Ed anche altri fattori sono qui in concorso nella determinazione del senso. Il «rumore del mare» che «dice», che chiama le azioni della poetica campaniana, mentre replica un topos dei Canti Orfici, evoca una necessità di ritmo e, nel disporsi al ritmo, una permeabilità sinestetica delle figure fino allo sfinimento, sembrando così mettersi in sintonia con una singolare, acuta annotazione autoanalitica registrata nei Taccuini: «Nel giro del ritorno eterno vertiginoso l’immagine muore immediatamente». Il verbo «preferisco», con il suo implicarsi nella semantica del gusto e con il suo orientarsi deciso verso lo spazio del soggetto, indica una scelta deliberatamente compiuta: il disfare, che segue al fabbricare e al fare, non è l’esito di una sconfitta che si subisce e alla quale ci si rassegna, è un programma, è una volontà: risponde all’intenzione di ascoltare il «rumore del mare», di leggerne l’interminabile lavorio, lo straordinario messaggio.

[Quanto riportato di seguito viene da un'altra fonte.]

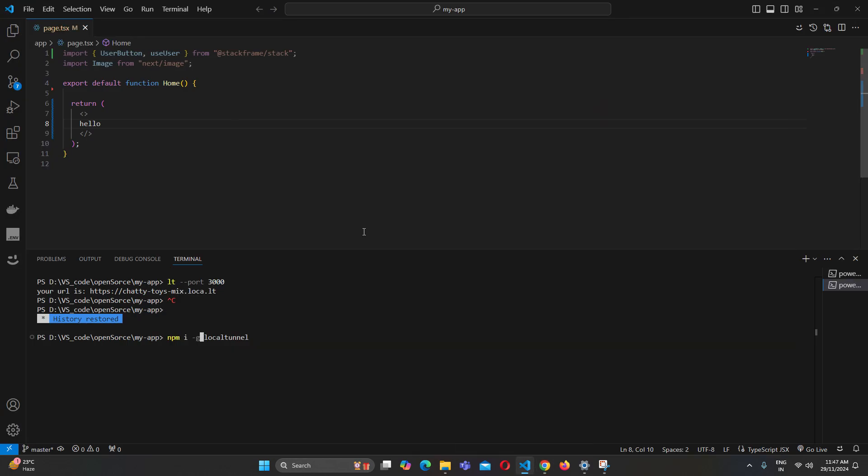It's a lightweight library and you have to install it globally. To install it you need npm, and if you don't have npm pre-installed, just install Node.js and it will automatically install npm as well. Then install local-tunnel globally.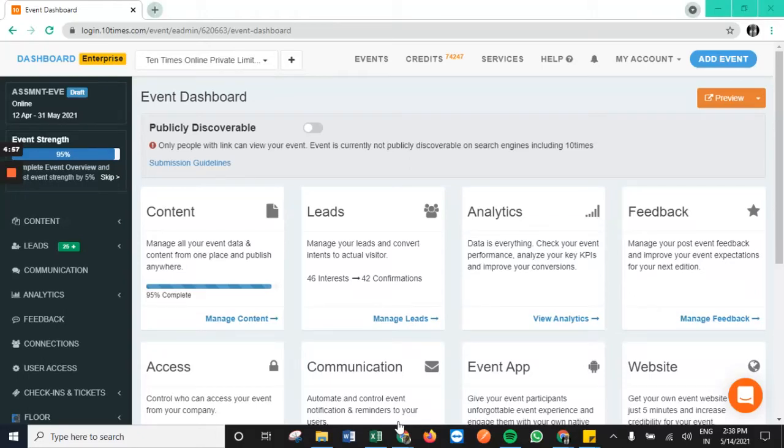Hi, in this particular video, we would be briefly discussing how exactly we can publish the e-site for any particular event.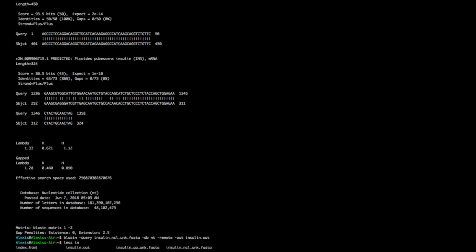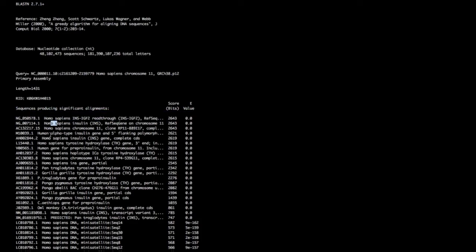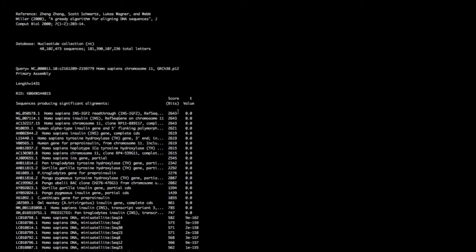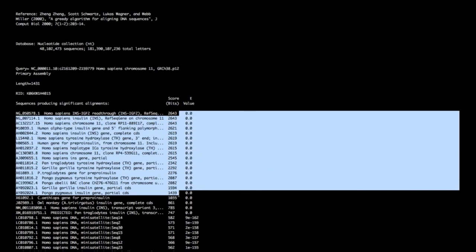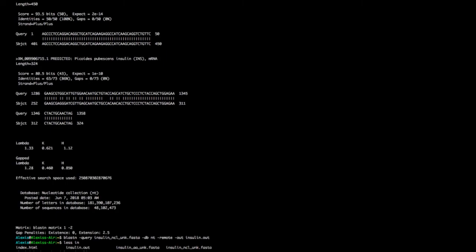If we 'less' the insulin output file, we see that our first match is Homo sapiens — and it remains Homo sapiens for many hits. It's almost a perfect match with an E-value estimated at zero, which doesn't mean it's bad — it's so small it rounds to zero. The best match by score is Homo sapiens, so our insulin nucleotide unknown sequence is probably from humans.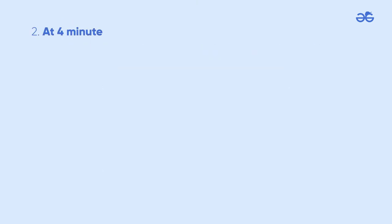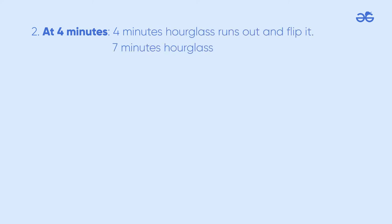At 4 minutes, the 4 minutes hourglass runs out and flip it. At 7 minutes, the 4 minutes hourglass is left with 3 minutes.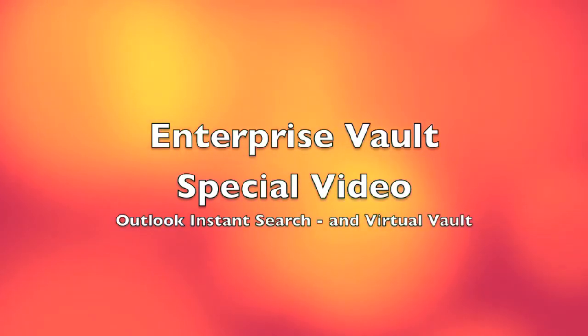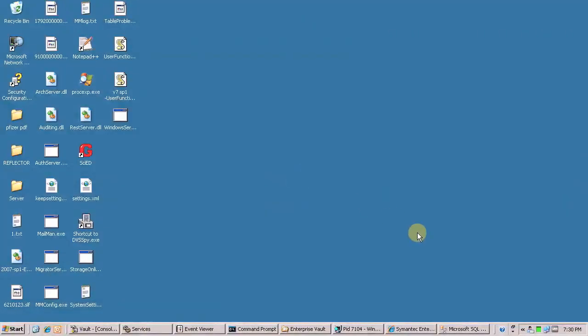Hello, this is Rob. A quick video demonstrating searching from within Outlook on the slightly modified Keyer environment.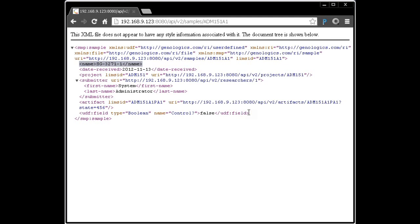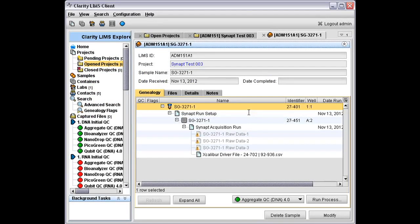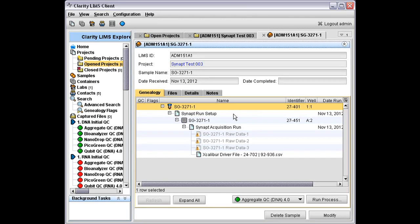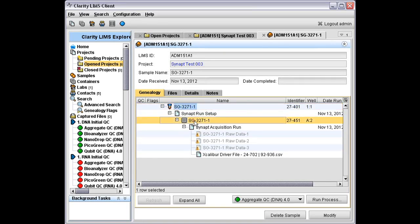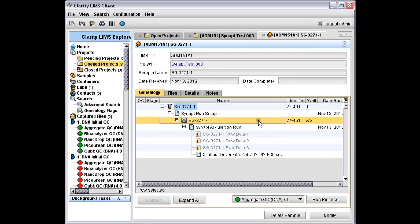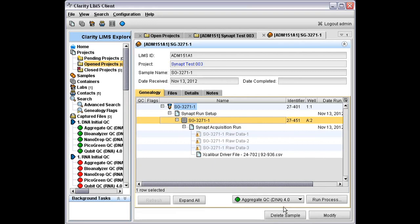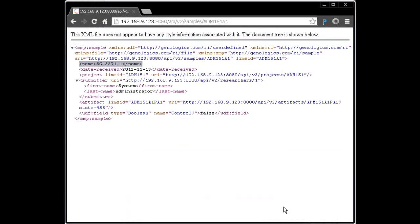We're not just limited to looking at samples. We can look up lots of other things. So let's go and look up an analyte. What's an analyte? It's a sample derived from the initial submitted sample. There's one here which looks like it's located in a plate in position A2. We'll do the same trick. We'll copy its LIMS ID to the clipboard. We'll switch back to the browser.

E «disfare» chiude appunto la sequenza triadica, che nell’Intermezzo di Carducci culminava in un «rifare» assai vicino al mito del poeta faber (o poeta artifex che torna più volte, migliorandolo, rendendolo più prossimo alla perfezione, sul suo prodotto e che intanto offre materia abbondante per la critica delle varianti); è un disfare consapevole, non dovuto alla pulsione ad espungere i significati né dominato da un mistico abbandono asemantico al rapimento e al dominio del suono, affacciato e sporto, piuttosto, su tecniche di rappresentazione sperimentali e d’avanguardia che disfano edificanti fabbricazioni, che sfanno il fatto e magari il rifatto in ossequio al valore della classicità; è un disfare che lascia anch’esso tracce consistentissime di varianti e che è più che probabile che richieda impegno e dolore e fatica, che sia insomma «tutto un lavorare» (in «Forse il disfare è tutto un lavorare» si riascolta il "lavoro" di Genova, che è piena delle immagini e del «rumore» del mare). Certo, quanto a Campana, «ecco quello che sa fare»; e qui sta davvero la sua poesia.